AIM OF THE TASK ▸ Extract the full listing verbatim and drop any pictures from your copy.

RECORDED DATA ▸
▽

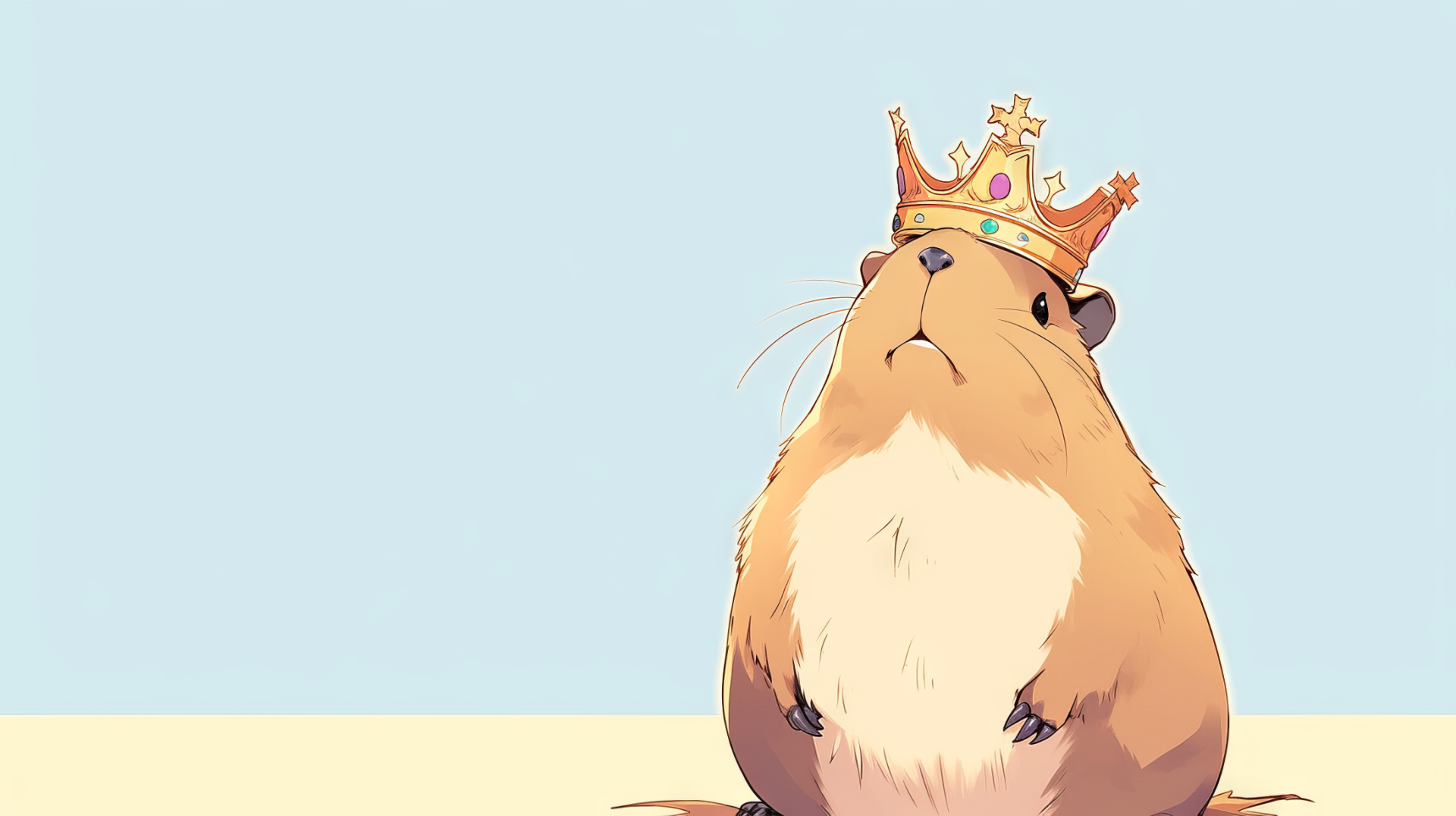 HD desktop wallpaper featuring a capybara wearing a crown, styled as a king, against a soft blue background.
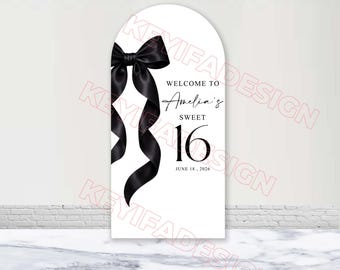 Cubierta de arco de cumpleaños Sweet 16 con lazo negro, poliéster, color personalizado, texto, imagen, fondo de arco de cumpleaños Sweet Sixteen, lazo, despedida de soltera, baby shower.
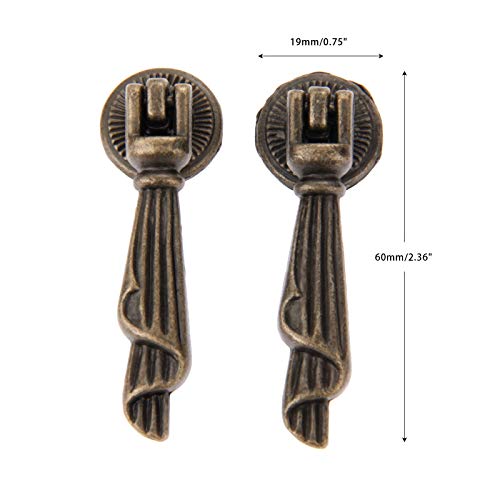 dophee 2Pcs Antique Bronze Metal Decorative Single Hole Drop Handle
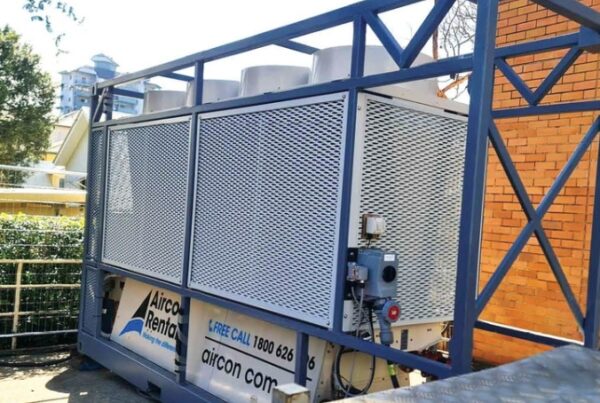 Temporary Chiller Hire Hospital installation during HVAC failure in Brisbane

△

FINISHED EXERCISE ▸
 HD desktop wallpaper featuring a capybara wearing a crown, styled as a king, against a soft blue background.
 Cubierta de arco de cumpleaños Sweet 16 con lazo negro, poliéster, color personalizado, texto, imagen, fondo de arco de cumpleaños Sweet Sixteen, lazo, despedida de soltera, baby shower.
 dophee 2Pcs Antique Bronze Metal Decorative Single Hole Drop Handle
 Temporary Chiller Hire Hospital installation during HVAC failure in Brisbane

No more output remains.